Oleh: Mustafa
Mahasiswa Pascasarjana Universitas Nasional Jakarta
Rekam jejak orde baru sejak berkuasa selama 32 tahun lamanya, gaya rezim otoriter nya pun tumbang oleh gerakan mahasiswa, dengan puncak capain adalah reformasi total pada sistem pemerintahan Negara. Peristiwa itu pun akhirnya menjadi bukti sejarah, selalu terkenang bahkan tidak akan pernah sirna dalam ingatan masa ke masa, bila menoleh betapa kejamnya rezim otoriter pada masa silam itu.
Seakan, Rezim itu ingin kembali dibangun atau di gaungkan dimasa periode ke dua pemerintahan presiden Jokowi – Maaruf Amin.
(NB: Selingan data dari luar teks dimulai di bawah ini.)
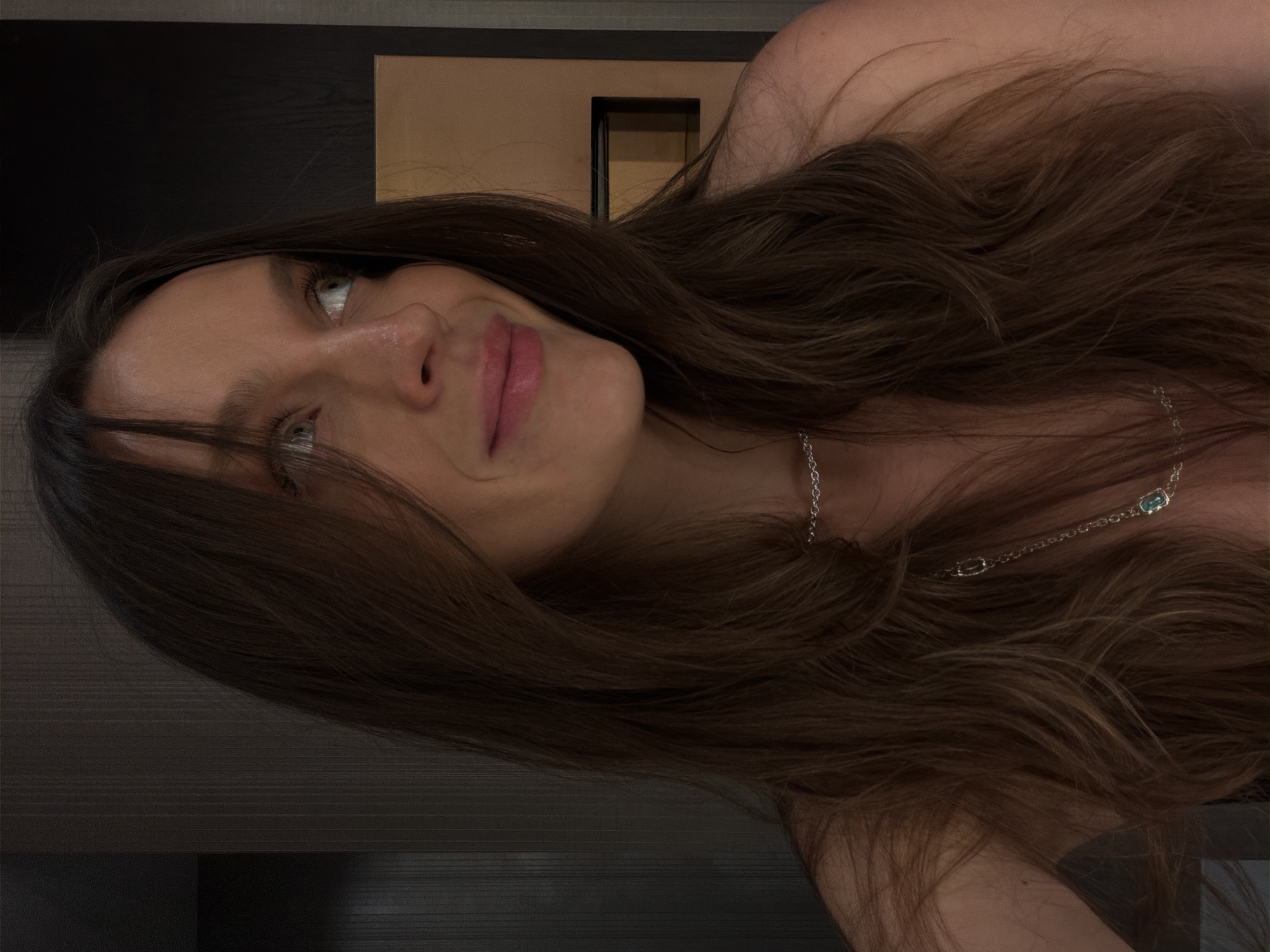 A woman with long, light brown hair and light-colored eyes is positioned at a low angle, giving the impression that she is lying down or looking upward. She is wearing a silver necklace with what appears to be a blue stone, and is positioned indoors against a dark surface that suggests a table or another piece of furniture. In the background, a black and tan colored door is visible. The location in the city of Budva, Montenegro cannot be determined from the image.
Hal ini terlihat, beberapa waktu lalu, atas munculnya RUU Omnibus Law Cipta Kerja, yang mana dapat menghianati dari pada cita-cita Reformasi dalam artian tatanan hidup bangsa yang menganut sistem demokrasi.
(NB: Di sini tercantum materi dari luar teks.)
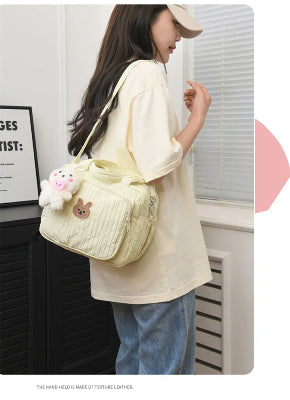 sac à langer jaune avec pendentif ourson porté sur épaule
Beberapa minggu lalu, Presiden Jokowi, sempat menyebutkan “Mohon ini di dukung, jangan lama-lama, jangan di sulit-sulitin, karena ini sekali lagi untuk cipta lapangan kerja”, Terang Presiden, di kutip dari laman Setkab, Selasa (18/2/2020 ).
Omnibus Law adalah merupakan metode atau konsep pembuatan regulasi yang menggabungkan beberapa aturan yang subtansi, menjadi satu peraturan dalam satu payung hukum.
Sesuai Draft Rancangan Undang-Undang Omnibus Law Cipta Kerja oleh pihak Pemerintah kepada Pimpinan DPR RI tertanggal 12 Februari 2020, menuai banyak kritikan dan kecaman dari berbagai pihak. Diantaranya, dari kalangan Organisasi Kepemudaan (OKP), dominasi kritikan Mahasiswa itu, karena banyaknya pasal-pasal bermasalah, dan dianggap berpotensi merusak tatanan hukum berbangsa dan ber-Negera di Bumi Pertiwi (Indonesia, red)
Berangkat dari itu, maka respon untuk pertumbuhan perekonomian Indonesia yang stagnan membuat Pemerintah ingin menggenjot Investasi dengan membuat Undang-Undang sapu jagat yang mempermudah investasi asing masuk ke Indonesia.
Gejolak penolakan mucul dimana-mana, lantaran keinginan Pemerintah Pusat, dinilai ingin mengorbankan banyak aspek lapisan masyarakat hanya untuk kepentingan para pengusaha asing yang berinvetasi di Indonesia.
Ironisnya, ini terkesan tersembunyi sebab tidak melibatkan para stakeholder dan hanya sedikit saja yang tahu. Bahkan tidak transparannya proses pembuatan RUU Cipta Kerja ini (Omnibus Law), setelah Pemerintah pusat menyampaikan bahwa ada sebanyak 82 Undang-Undang yang berdampak penyederhanaan Perizinan Tanah, Persyaratan Investasi, Ketenagakerjaan, Kemudahan dan Perlindungan Investasi Lokal. Semua ini, maka pihak asing akan jauh lebih mudah masuk di Indonsia. Diantaranya, seperti kemudahan dalam membuka usaha, dukungan riset dan inovasi, administrasi pemerintahan, pengenaan sanksi, pengendalian lahan, kemudahan proyek pemerintah pusat dalam kawasan ekonomi khusus.
Selain itu, Presiden Asosiasi Pekerja RI, Mira Sumirat, ketika mengisi materi Dialog Publik Kesatuan Aksi Mahasiswa Muslim Indonesia ( KAMMI ) Pusat beberapa hari yang lalu, menyampaikan, bahwa KAMMI adalah amanat penderitaan rakyat untuk itu harus terus mengawal Reformasi karena rezim ini seperti Penjajah yang telah memperkerjakan pekerja dengan kerja paksa, tanpa menyerap norma-norma di dalam pembukaan Dasar dan UUD NKRI Tahun 1945. Dikutip dari Dialog Publik “KAMMI PUSAT” Omnibus Law Menuju Otoritarisme Baru, pada Selasa (25/2/2020).
Untuk itu, betapa pentingnya pengawasan RUU Omnibus Law Cipta Kerja ini, karena ini adalah bentuk penghiataan kepada jalannya tatan sistem demokrasi yang ada di Indonesia terlebih lagi pada semangat cita-cita kemerdakaan dalam mensejahterakan masyarakat Indonesia.